EXCERPTED RECORDS Start Marker

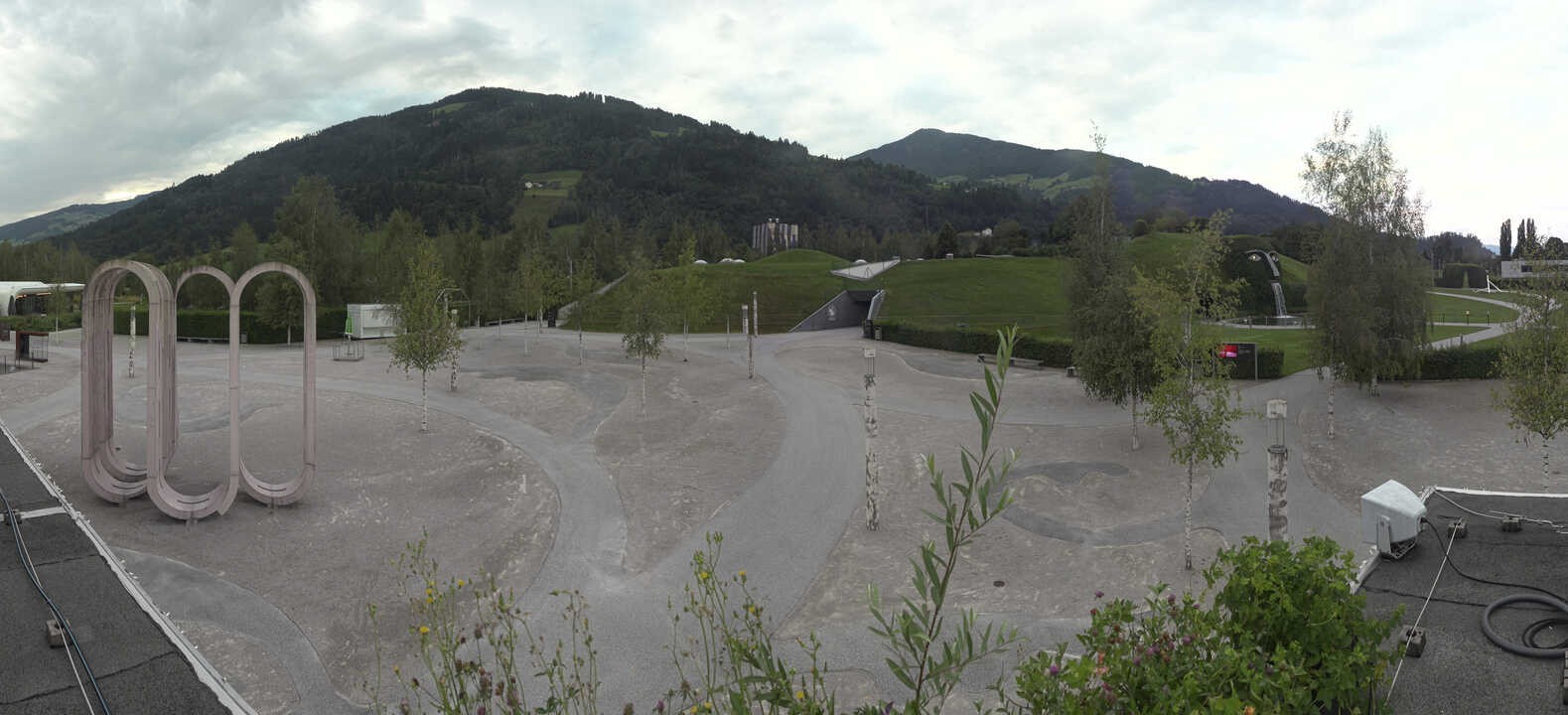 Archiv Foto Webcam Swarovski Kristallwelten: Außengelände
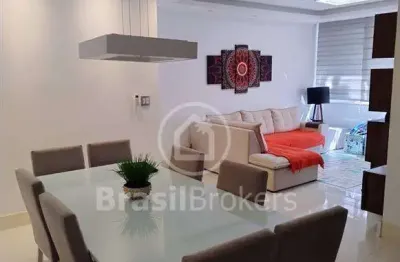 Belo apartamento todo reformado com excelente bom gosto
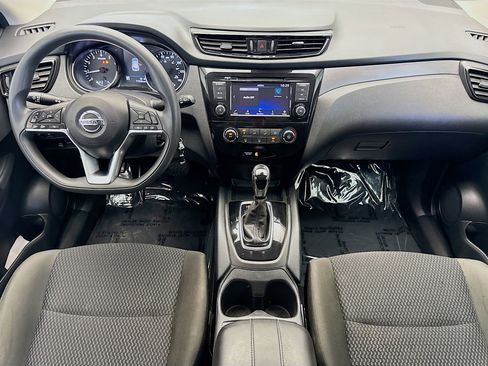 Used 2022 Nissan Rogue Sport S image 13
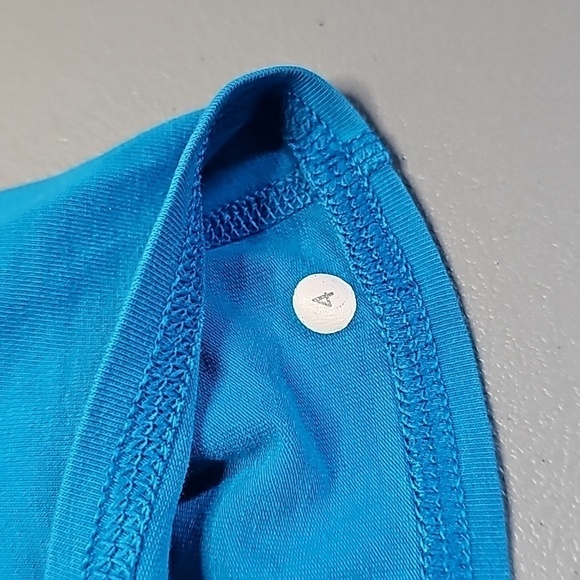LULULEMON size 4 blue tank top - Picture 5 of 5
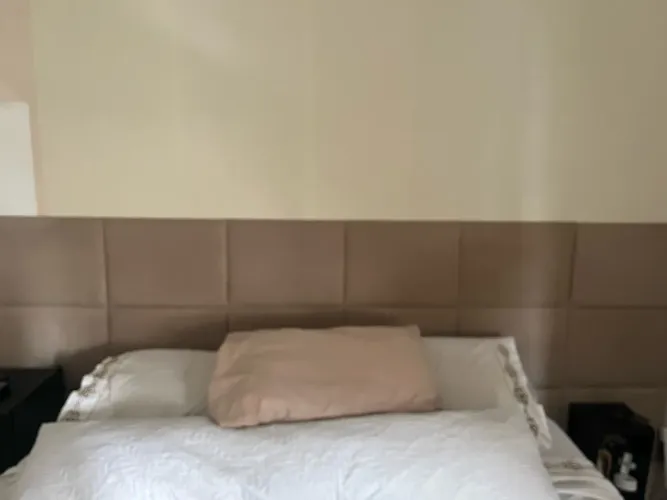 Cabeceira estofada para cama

EXCERPTED RECORDS End Marker

» WHAT TO DO
An exact copy is needed of every line from the one holding "Belo apartamento todo" to the end of the entries above, both ends kept and each picture dropped.

» EXERCISE RESULT
 Belo apartamento todo reformado com excelente bom gosto
 Used 2022 Nissan Rogue Sport S image 13
LULULEMON size 4 blue tank top - Picture 5 of 5
 Cabeceira estofada para cama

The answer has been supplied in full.